■ Collected material:
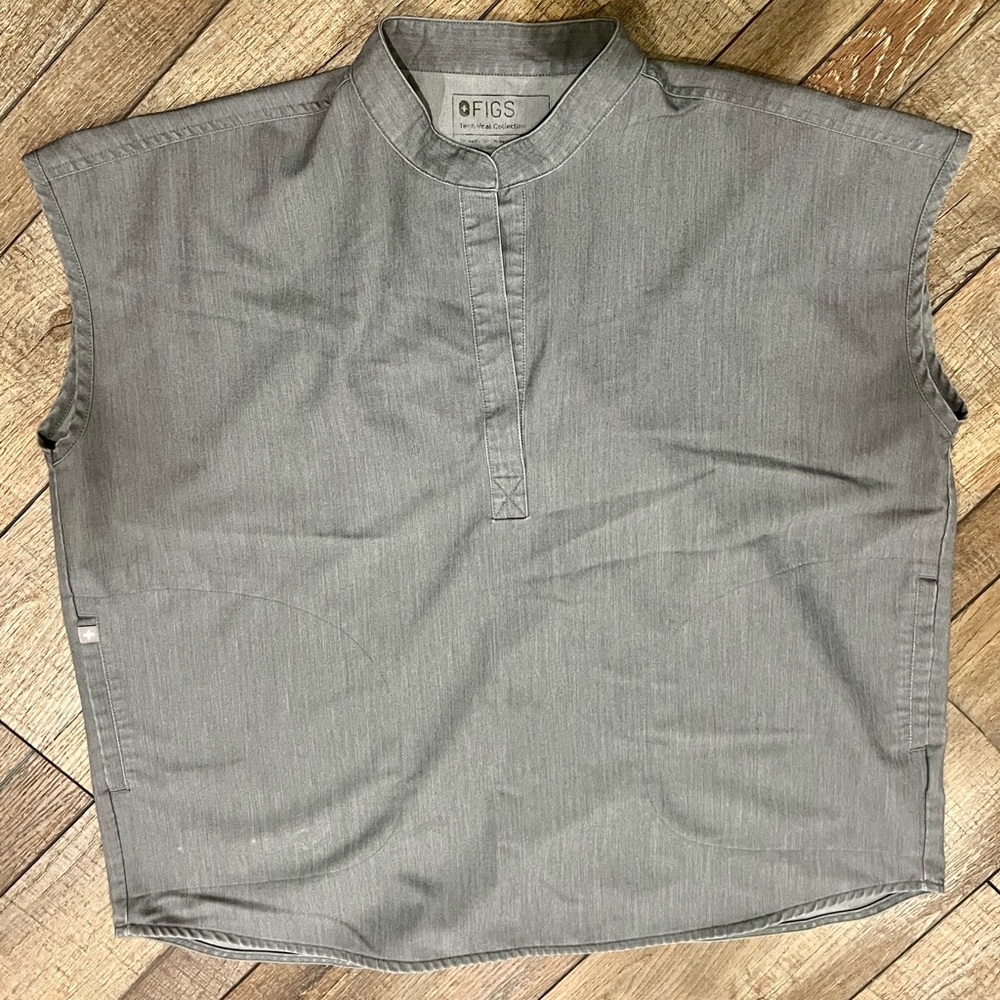 Figs Rafaela Oversized Scrub Top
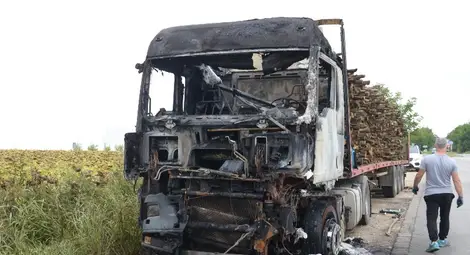 Напълно изгорялата кабина на камиона вече става само за  вторични суровини. 		   Снимка: Красимир СТОЯНОВ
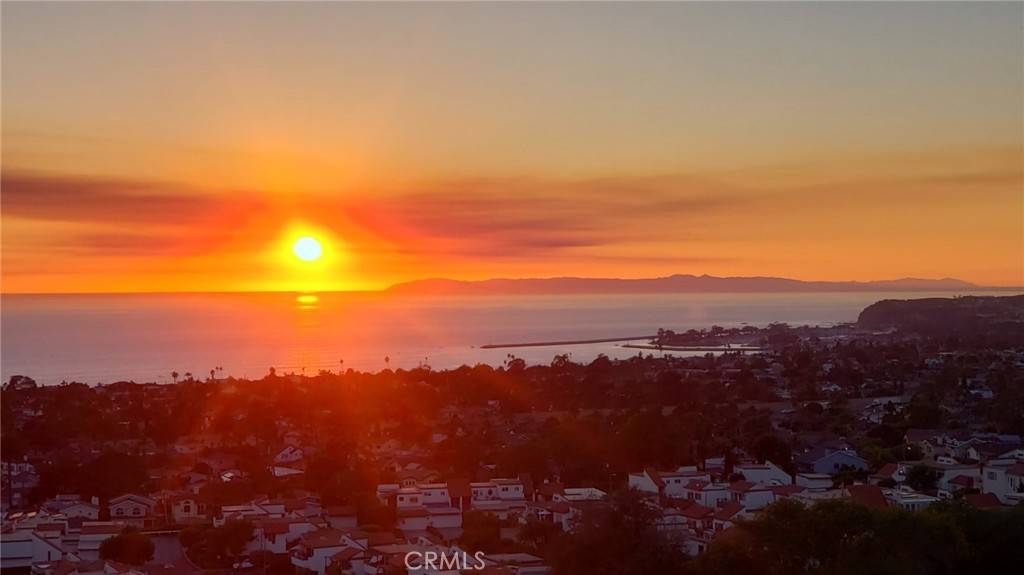 San Clemente, CA 92673,3 Via Pasa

■ About this task: Write out, exactly and only, the lines from the one containing "Напълно изгорялата кабина" through the last line of the material above. Pictures do not go in the copy.

■ Task response:
 Напълно изгорялата кабина на камиона вече става само за  вторични суровини. 		   Снимка: Красимир СТОЯНОВ
 San Clemente, CA 92673,3 Via Pasa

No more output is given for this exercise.